Company Lacks Good Management
An employee's relationship with his supervisor is often the most decisive factor in assuring his loyalty, according to "Forbes" magazine's January 2012 article, "Why Your Employees Are Leaving." Good managers who connect with employees are more likely to retain them, even if they're making top money. Bad managers don't communicate regularly with their team members, or express appreciation for their work, which makes them more likely to quit.
Employee Workloads Are Too High
Turnover can serve as a wake-up call to revisit workloads that trigger significant burnout and stress, according to a 2006 survey by the National Council of Crime and Delinquency. The council interviewed 297 former child welfare and juvenile justice workers, to determine why they quit their jobs. Sixty-five percent of the participants identified large caseloads as a factor in their resignation, while an additional 35 percent would have stayed on the job if their workloads had been more manageable.
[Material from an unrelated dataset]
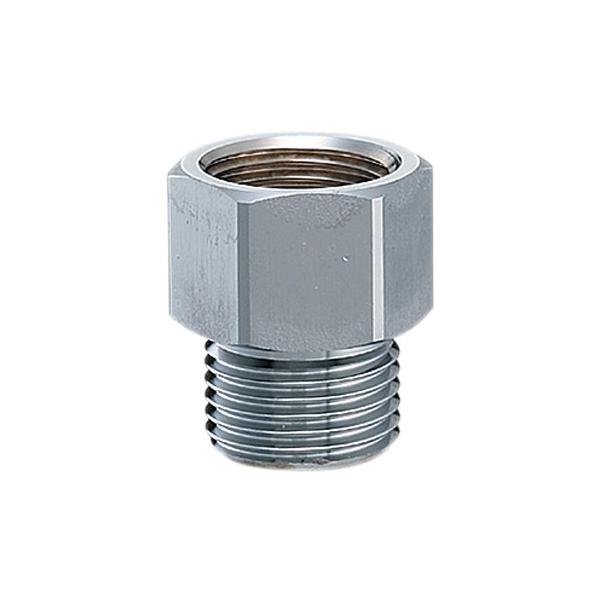 JN_C lWϊA_v^[A y642-802-13z zǎ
Jobs Don't Match Expectations
Thirty-five percent of 19,700 U.S. employees surveyed by the Saratoga Institute quit during the first six months because they don't like something about the job, management consultant Leigh Branham states in his February 2005 article, "The Seven Hidden Reasons Employees Leave." This situation results when managers soft sell a job's less appealing aspects, asserts Branham, writing for the Center for Association Leadership. Once workers discover the truth, however, they're out the door, which further aggravates a company's turnover issues.
Opportunities Are Nonexistent
Opportunities for career advancement and growth play a key part in determining how long employees stay with a company. Eighty-five percent of the employees in the Saratoga Institute survey identified career growth as a key reward, but only 49 percent saw companies taking measures to promote it. Managers compound the problems by failing to praise employees who exceed expectations, Branham says. Staff members who feel devalued or unrecognized, in turn, are more likely to find an employer who acknowledges them.
Work Environment Is Stressful
A continual exodus of talent can indicate a stressful, unstable work environment of ever-changing job titles, workloads and supervisors. One reality of this situation is that some people lose their jobs, which doesn't inspire the survivors to put down roots, according to "Forbes" magazine. This situation also makes itself felt through departmental turf wars that pit employees against each other. Faced with these situations, employees will opt to go elsewhere than stay in an unhealthy atmosphere.